[What is being asked] Below are records; work out how many of their lines contain the word "holds" and reply with the number only.

*** Opening of Data shown ***

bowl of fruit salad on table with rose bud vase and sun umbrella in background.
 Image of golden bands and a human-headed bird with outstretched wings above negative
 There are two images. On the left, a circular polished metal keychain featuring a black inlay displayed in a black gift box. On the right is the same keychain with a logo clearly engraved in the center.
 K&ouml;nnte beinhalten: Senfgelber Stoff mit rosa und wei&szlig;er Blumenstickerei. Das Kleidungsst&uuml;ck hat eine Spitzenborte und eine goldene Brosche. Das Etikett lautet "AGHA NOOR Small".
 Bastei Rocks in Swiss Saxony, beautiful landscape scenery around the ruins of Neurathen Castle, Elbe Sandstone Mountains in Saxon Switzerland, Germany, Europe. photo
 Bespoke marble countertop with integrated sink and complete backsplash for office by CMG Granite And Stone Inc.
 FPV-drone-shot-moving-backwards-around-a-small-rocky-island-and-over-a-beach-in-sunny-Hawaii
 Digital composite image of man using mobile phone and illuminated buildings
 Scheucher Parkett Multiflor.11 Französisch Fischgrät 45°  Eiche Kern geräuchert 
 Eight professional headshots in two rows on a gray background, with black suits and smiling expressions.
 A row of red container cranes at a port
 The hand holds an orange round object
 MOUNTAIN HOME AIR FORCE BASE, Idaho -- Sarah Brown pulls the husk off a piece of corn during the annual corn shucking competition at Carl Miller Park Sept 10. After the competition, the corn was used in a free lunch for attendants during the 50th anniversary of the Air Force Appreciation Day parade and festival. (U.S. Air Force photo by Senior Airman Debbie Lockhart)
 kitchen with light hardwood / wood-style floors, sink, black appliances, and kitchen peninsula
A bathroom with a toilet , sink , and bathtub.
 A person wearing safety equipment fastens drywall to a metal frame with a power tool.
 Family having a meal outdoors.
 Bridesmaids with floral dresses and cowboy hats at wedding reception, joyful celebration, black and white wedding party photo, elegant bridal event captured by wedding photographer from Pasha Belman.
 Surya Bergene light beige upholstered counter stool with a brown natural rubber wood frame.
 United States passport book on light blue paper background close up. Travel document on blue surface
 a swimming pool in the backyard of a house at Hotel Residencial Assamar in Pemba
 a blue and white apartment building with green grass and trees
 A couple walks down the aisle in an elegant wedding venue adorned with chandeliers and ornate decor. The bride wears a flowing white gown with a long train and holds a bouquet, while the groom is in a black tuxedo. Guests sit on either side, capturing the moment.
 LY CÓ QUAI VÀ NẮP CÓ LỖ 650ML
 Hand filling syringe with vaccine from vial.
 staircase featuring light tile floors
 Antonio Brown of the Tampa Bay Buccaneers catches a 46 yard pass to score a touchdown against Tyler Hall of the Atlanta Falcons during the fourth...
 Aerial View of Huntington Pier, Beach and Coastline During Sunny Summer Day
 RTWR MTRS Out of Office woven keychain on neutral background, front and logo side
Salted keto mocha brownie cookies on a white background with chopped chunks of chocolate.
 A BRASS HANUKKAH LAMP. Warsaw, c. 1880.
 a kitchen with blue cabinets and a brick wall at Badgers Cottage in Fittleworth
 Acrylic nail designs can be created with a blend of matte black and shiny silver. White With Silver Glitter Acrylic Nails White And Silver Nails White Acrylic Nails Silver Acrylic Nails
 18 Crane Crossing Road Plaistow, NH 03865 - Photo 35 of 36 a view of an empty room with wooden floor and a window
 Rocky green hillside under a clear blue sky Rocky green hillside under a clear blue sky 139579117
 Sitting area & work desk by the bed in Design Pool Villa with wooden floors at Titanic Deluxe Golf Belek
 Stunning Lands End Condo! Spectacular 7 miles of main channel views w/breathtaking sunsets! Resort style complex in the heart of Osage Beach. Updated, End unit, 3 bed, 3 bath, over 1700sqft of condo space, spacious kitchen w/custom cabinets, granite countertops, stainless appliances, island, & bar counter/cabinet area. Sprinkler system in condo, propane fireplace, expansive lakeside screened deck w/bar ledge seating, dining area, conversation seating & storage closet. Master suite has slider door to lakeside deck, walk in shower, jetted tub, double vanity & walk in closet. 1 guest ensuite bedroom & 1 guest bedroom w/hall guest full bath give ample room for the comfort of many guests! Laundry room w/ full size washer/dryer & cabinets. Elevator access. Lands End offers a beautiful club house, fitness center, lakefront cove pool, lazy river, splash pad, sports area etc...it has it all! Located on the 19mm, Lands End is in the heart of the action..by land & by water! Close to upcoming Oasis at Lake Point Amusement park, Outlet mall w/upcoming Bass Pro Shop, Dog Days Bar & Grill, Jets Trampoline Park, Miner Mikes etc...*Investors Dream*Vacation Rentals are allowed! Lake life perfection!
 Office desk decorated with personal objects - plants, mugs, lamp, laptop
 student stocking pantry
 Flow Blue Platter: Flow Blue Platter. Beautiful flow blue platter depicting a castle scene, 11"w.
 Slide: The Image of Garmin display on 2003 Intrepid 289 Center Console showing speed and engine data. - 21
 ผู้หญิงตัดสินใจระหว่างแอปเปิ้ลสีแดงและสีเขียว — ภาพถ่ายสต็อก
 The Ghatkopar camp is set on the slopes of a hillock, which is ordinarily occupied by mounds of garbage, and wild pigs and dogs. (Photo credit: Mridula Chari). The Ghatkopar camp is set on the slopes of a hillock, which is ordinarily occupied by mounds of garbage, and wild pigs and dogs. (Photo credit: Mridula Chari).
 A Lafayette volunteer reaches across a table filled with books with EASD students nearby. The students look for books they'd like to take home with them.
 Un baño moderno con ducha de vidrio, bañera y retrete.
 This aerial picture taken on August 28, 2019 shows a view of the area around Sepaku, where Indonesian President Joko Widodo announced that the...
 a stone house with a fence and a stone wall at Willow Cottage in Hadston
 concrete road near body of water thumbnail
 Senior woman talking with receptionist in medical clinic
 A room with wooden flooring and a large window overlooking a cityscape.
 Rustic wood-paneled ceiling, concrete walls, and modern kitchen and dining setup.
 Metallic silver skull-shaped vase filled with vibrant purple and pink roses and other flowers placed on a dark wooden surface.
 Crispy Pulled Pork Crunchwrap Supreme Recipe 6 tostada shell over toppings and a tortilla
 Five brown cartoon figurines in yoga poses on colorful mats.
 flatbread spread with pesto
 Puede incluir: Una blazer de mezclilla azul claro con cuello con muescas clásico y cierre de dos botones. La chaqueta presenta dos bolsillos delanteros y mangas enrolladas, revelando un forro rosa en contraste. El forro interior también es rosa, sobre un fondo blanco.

*** Close of Data shown ***

[Response for this exercise] 2